Short descriptive text snippets:

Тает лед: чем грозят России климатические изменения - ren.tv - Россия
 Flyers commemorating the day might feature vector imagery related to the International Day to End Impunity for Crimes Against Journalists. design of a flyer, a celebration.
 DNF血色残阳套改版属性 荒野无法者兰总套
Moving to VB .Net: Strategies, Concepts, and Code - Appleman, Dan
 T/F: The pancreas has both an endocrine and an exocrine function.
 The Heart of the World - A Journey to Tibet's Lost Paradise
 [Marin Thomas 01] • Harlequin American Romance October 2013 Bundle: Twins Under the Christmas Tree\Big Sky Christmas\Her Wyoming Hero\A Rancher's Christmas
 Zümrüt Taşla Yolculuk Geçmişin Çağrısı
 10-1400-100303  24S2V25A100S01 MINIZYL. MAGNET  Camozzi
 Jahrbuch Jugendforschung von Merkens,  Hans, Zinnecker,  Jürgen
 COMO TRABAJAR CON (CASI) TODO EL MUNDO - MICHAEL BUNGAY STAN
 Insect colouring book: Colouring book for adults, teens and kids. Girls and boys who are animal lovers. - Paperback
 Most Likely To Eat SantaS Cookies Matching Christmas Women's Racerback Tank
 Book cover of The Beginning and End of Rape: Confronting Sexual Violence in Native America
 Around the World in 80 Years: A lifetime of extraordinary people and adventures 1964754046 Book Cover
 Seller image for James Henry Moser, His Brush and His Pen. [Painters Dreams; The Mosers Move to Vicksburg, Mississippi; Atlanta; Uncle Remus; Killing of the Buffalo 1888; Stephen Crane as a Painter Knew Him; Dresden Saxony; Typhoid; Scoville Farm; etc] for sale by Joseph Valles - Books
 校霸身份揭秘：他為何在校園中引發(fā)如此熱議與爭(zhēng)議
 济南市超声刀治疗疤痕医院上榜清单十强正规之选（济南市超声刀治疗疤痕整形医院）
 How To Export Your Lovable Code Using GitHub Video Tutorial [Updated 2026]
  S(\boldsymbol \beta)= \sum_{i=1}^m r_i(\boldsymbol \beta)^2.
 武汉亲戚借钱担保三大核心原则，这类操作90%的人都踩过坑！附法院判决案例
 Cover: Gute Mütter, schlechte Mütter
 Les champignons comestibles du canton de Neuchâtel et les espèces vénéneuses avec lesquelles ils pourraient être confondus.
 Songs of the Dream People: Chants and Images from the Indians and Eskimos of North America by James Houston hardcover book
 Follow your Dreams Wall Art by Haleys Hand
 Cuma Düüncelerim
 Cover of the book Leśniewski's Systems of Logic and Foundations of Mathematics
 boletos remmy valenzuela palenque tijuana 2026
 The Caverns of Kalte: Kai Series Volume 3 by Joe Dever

What is expected: The entries above hold a line with "[Marin Thomas 01]" and a later line with "Most Likely To". Write out exactly those lines and all lines between, nothing more.

Worked solution:
 [Marin Thomas 01] • Harlequin American Romance October 2013 Bundle: Twins Under the Christmas Tree\Big Sky Christmas\Her Wyoming Hero\A Rancher's Christmas
 Zümrüt Taşla Yolculuk Geçmişin Çağrısı
 10-1400-100303  24S2V25A100S01 MINIZYL. MAGNET  Camozzi
 Jahrbuch Jugendforschung von Merkens,  Hans, Zinnecker,  Jürgen
 COMO TRABAJAR CON (CASI) TODO EL MUNDO - MICHAEL BUNGAY STAN
 Insect colouring book: Colouring book for adults, teens and kids. Girls and boys who are animal lovers. - Paperback
 Most Likely To Eat SantaS Cookies Matching Christmas Women's Racerback Tank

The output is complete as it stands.